TASK TO COMPLETE: Only the lines below between the ones containing "Cheese Chicken Burger at Mr. CHEF" and "Hands of The Moon iPhone Case", inclusive, are to be reproduced, each exactly as it stands.

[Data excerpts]
◆ ◆ ◆ ◆ ◆ ◆ ◆

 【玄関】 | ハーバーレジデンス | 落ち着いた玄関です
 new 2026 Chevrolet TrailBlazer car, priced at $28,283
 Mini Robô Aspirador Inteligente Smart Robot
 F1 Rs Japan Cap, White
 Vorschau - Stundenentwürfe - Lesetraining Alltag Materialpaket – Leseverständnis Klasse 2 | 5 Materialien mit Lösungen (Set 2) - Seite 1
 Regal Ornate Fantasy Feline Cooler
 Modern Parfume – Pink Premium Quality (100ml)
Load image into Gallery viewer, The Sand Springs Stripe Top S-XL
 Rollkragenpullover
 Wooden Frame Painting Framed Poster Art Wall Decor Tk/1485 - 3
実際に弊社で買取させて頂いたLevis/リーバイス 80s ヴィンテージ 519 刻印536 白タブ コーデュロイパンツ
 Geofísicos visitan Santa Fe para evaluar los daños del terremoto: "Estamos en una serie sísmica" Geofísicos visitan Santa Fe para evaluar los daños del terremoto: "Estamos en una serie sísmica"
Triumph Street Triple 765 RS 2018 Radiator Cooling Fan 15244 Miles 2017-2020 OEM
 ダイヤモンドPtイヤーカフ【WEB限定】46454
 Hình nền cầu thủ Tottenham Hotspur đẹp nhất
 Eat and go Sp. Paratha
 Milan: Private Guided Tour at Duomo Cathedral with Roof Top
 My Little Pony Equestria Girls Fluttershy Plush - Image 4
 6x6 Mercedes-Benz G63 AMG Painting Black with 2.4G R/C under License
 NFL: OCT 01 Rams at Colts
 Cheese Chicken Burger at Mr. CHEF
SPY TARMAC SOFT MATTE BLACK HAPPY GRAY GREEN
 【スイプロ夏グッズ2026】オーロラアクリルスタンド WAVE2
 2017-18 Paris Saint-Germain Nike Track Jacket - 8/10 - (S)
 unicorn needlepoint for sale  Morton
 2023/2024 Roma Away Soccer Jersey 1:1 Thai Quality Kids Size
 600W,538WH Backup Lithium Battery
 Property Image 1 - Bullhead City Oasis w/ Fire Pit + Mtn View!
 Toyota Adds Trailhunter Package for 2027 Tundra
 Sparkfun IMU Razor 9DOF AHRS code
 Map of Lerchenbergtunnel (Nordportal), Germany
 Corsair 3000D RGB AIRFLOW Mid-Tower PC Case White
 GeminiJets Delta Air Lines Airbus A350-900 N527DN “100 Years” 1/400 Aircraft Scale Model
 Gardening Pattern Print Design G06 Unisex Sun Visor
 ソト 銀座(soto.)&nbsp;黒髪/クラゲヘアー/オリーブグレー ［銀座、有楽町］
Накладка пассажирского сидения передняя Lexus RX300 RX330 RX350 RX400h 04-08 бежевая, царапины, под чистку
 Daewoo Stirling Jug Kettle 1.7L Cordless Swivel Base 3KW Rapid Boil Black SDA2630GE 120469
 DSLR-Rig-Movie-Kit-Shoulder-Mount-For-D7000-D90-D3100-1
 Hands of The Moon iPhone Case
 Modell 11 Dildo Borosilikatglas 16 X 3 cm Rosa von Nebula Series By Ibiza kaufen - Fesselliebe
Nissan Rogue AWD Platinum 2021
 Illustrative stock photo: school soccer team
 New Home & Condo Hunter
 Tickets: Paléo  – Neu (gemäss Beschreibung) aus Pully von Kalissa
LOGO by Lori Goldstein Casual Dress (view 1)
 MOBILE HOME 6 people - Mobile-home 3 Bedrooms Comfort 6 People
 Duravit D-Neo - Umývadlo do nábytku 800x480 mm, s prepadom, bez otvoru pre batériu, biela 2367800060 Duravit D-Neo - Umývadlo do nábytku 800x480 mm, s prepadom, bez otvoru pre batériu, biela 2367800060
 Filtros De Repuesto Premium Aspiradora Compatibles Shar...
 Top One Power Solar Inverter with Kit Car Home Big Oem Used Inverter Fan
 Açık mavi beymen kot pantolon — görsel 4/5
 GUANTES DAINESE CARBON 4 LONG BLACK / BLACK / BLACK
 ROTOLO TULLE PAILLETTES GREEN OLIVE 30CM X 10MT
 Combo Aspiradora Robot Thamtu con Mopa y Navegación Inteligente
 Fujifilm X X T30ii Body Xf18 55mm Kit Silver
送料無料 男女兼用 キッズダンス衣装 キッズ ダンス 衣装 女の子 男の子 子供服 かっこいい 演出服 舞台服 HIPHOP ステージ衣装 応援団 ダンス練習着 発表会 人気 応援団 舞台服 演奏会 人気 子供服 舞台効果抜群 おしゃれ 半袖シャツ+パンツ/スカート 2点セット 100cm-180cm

◆ ◆ ◆ ◆ ◆ ◆ ◆

ANSWER BOX:
 Cheese Chicken Burger at Mr. CHEF
SPY TARMAC SOFT MATTE BLACK HAPPY GRAY GREEN
 【スイプロ夏グッズ2026】オーロラアクリルスタンド WAVE2
 2017-18 Paris Saint-Germain Nike Track Jacket - 8/10 - (S)
 unicorn needlepoint for sale  Morton
 2023/2024 Roma Away Soccer Jersey 1:1 Thai Quality Kids Size
 600W,538WH Backup Lithium Battery
 Property Image 1 - Bullhead City Oasis w/ Fire Pit + Mtn View!
 Toyota Adds Trailhunter Package for 2027 Tundra
 Sparkfun IMU Razor 9DOF AHRS code
 Map of Lerchenbergtunnel (Nordportal), Germany
 Corsair 3000D RGB AIRFLOW Mid-Tower PC Case White
 GeminiJets Delta Air Lines Airbus A350-900 N527DN “100 Years” 1/400 Aircraft Scale Model
 Gardening Pattern Print Design G06 Unisex Sun Visor
 ソト 銀座(soto.)&nbsp;黒髪/クラゲヘアー/オリーブグレー ［銀座、有楽町］
Накладка пассажирского сидения передняя Lexus RX300 RX330 RX350 RX400h 04-08 бежевая, царапины, под чистку
 Daewoo Stirling Jug Kettle 1.7L Cordless Swivel Base 3KW Rapid Boil Black SDA2630GE 120469
 DSLR-Rig-Movie-Kit-Shoulder-Mount-For-D7000-D90-D3100-1
 Hands of The Moon iPhone Case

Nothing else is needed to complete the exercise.